Work to be completed:
Could you print the listing again exactly, omitting the pictures?

Data:
--- --- ---
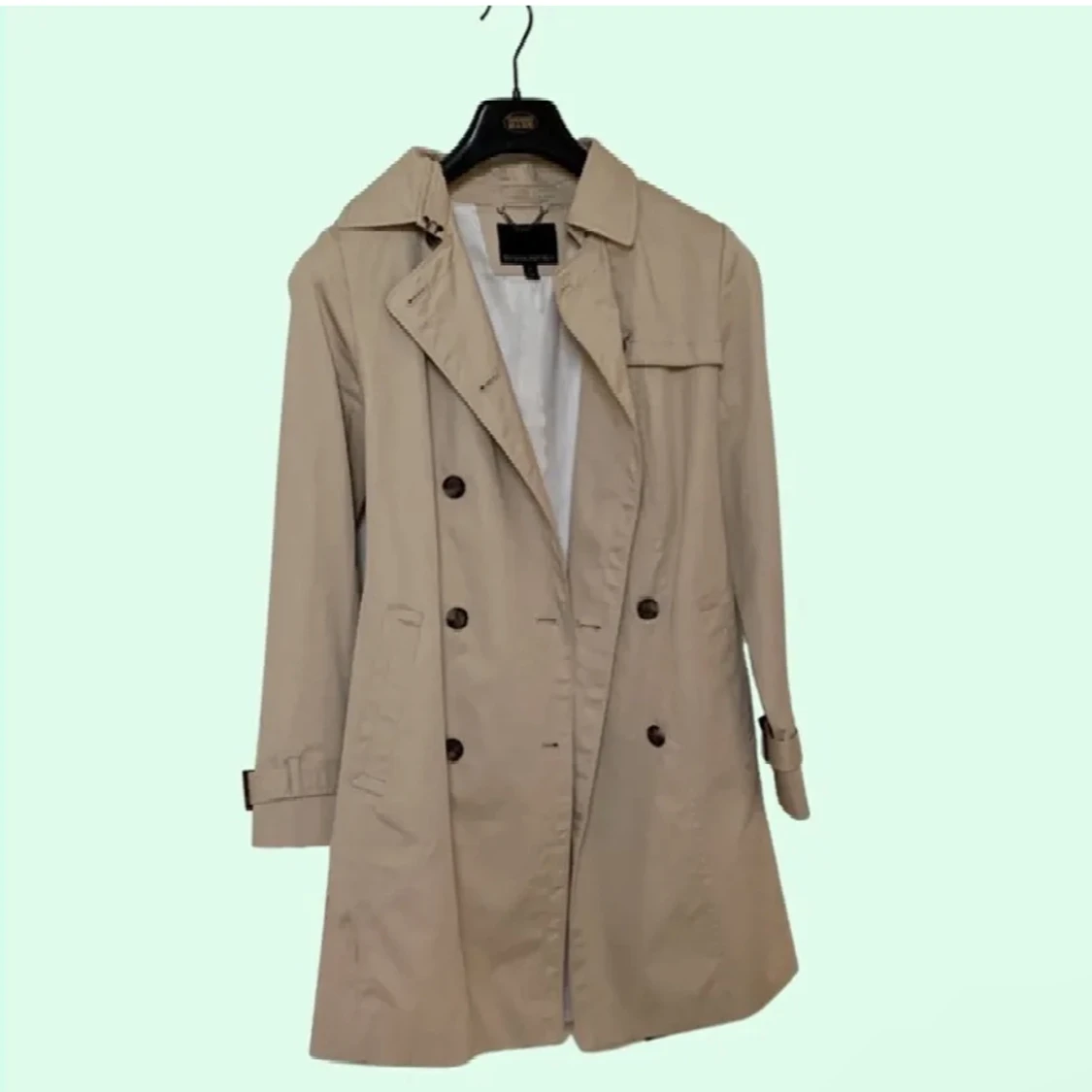 Banana Republic Trenchcoat  - 90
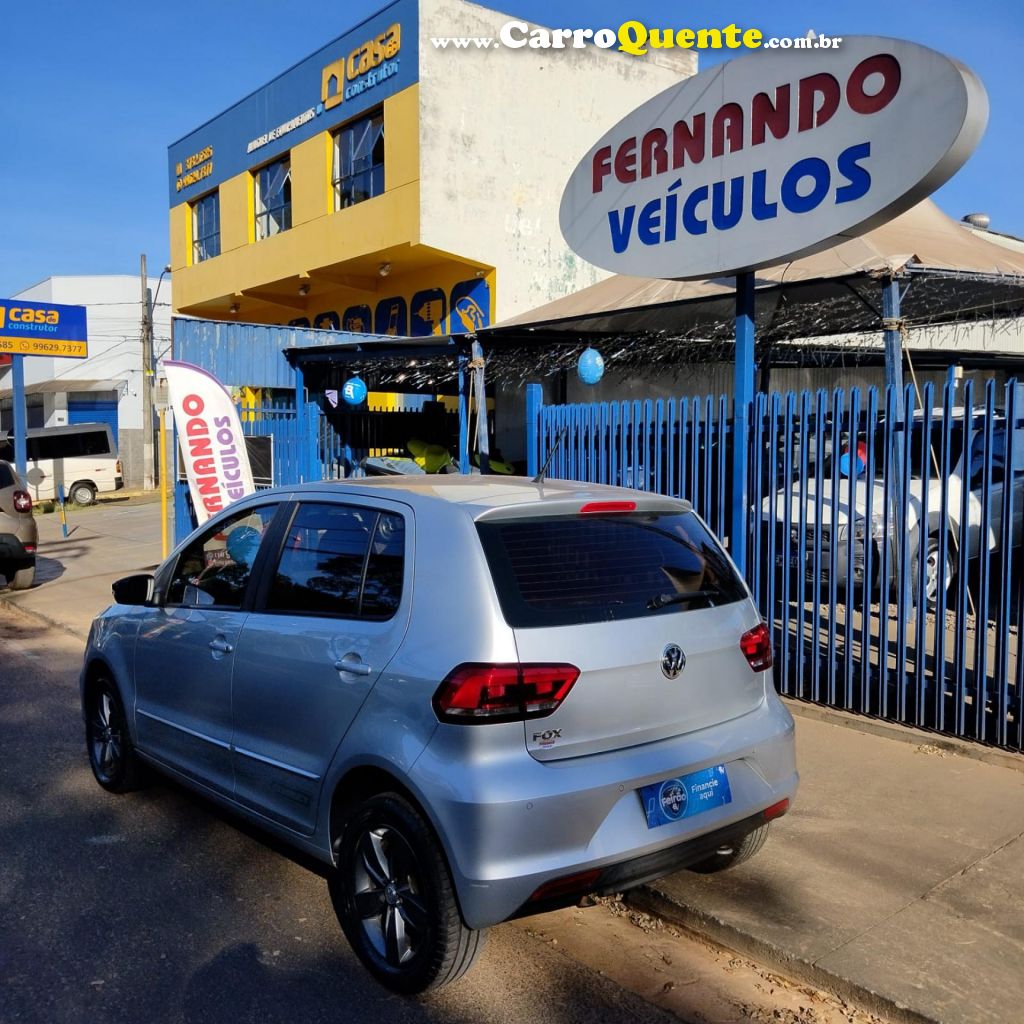 VOLKSWAGEN   FOX CONNECT 1.6 FLEX 8V 5P   PRATA 2018 1.6 FLEX - Loja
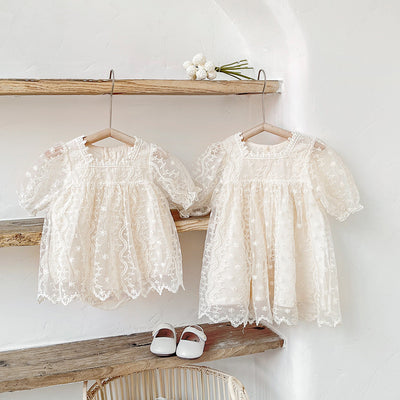 Vestido Princesa de Dos Capas con Encaje para Hermanas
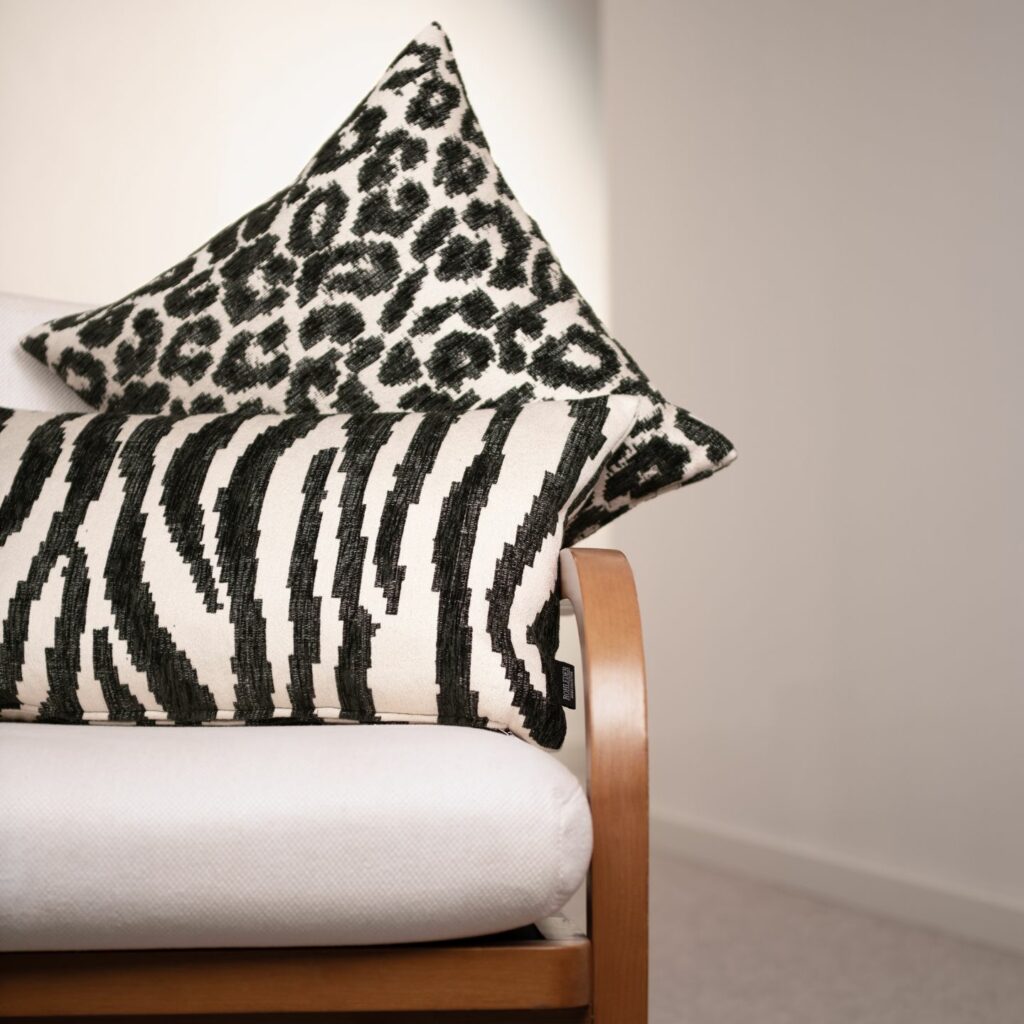 Rohleder Kissen Savannah Leo und Zebra black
--- --- ---
Response to this task:
 Banana Republic Trenchcoat  - 90
 VOLKSWAGEN   FOX CONNECT 1.6 FLEX 8V 5P   PRATA 2018 1.6 FLEX - Loja
 Vestido Princesa de Dos Capas con Encaje para Hermanas
 Rohleder Kissen Savannah Leo und Zebra black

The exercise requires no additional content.